LIVRO: "E Se Eu Fosse Deus?"



LIVRO: “E Se Eu Fosse Deus?”,
de Fernando Correia
Ed. Guerra e Paz, Setembro de 2017


“E Se Eu Fosse Deus?” é a história do encontro de Fernando Correia, jornalista, com Henrique, um homem que “tem uma casa grande, enorme, a perder de vista. O seu tecto é o céu. O calor que lhe chega vem do sol (…). O soalho é, na maioria das vezes, de erva e pedra.” Ao longo do livro, Henrique vai encetar um diálogo com o narrador que, mais do que levá-lo a visitar os “bas fond” da cidade, o obrigará a mergulhar no mais profundo de si mesmo, à procura da resposta a essa pergunta enigmática: “E se eu fosse Deus?”. De Monsanto à Gare do Oriente, do Rossio a Pina Manique, ambos irão viver as histórias de Palmira, de Natália do Casalinho, do Dr. Magalhães, de Maria Madalena, do “homem do futebol”, de Miss Lizzy, de Maria das Dores, de Carla com o seu bebé, do Ti Chico e de muitos outros, anónimos e desprotegidos, onde se descobre tanto de humanismo e dignidade como de uma forte vergonha em não se quererem mostrar e de uma raiva ainda mais forte contra os que mandam e não têm vergonha.

Crónica duma actualidade premente, “E Se Eu Fosse Deus?” pode ser visto como um manifesto filosófico onde, no limite, a rua é sinónimo de liberdade. Sem-abrigo por opção, em nome da própria liberdade, Henrique sabe de antemão que não pode ser Deus, mas sabe o que faria e como actuaria se fosse Deus! Transitando entre a verdade do livro e a verdade de todos e de cada um, esta é uma história que convida o leitor a encontrar respostas verdadeiramente transformadoras, fazendo-o olhar em volta e levando-o a uma tomada de consciência dos problemas e da forma de os resolver com a necessária adequação e urgência. E isto não diz respeito apenas ao problema dos sem-abrigo, mas contempla igualmente a droga e o álcool, a exploração de menores, a prostituição feminina e masculina, o desemprego e a fome, a violência doméstica, o abandono dos idosos em lares e muitas outras chagas sociais que alastram nos dias de hoje.
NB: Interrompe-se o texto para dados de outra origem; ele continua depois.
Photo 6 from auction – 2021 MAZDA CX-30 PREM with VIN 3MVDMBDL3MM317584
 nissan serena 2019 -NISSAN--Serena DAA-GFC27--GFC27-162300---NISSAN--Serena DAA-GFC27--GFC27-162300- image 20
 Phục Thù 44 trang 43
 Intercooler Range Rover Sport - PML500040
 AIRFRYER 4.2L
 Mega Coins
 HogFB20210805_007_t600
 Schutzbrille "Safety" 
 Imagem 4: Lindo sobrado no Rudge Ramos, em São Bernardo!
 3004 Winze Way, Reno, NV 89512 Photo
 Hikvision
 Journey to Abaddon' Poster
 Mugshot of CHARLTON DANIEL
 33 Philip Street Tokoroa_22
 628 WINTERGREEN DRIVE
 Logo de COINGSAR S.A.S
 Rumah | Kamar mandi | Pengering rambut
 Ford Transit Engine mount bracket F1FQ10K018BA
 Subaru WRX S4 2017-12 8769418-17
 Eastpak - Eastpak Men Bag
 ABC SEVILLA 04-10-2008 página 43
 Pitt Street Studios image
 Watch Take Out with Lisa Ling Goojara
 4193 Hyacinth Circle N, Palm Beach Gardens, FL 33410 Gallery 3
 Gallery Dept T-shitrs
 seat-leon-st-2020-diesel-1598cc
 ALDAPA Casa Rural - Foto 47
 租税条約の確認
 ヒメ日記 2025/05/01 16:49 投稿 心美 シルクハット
Embora “E Se Eu Fosse Deus?” se defina como um romance, percebe-se no livro uma dimensão que vai muito além disso. A narrativa filia-se no jornalismo de investigação e segue um fio condutor que visa unir as várias histórias, sem contudo renegar a sua identidade. Fernando Correia assume-se, desde o início, como o jornalista que é e, de forma idónea, consegue levar o seu papel até ao fim, num registo realista, ao mesmo tempo acutilante e comovedor. É na verdade com que são identificados e denunciados a miséria e o caos social e moral em torno dos sem-abrigo que reside a grande força deste livro. Um livro escrito com o coração mas que consegue manter a lucidez e o distanciamento necessários para não cair na pieguice ou no moralismo fácil, oferecendo ao leitor um retrato vivo e objectivo duma realidade à qual a maioria prefere virar a cara.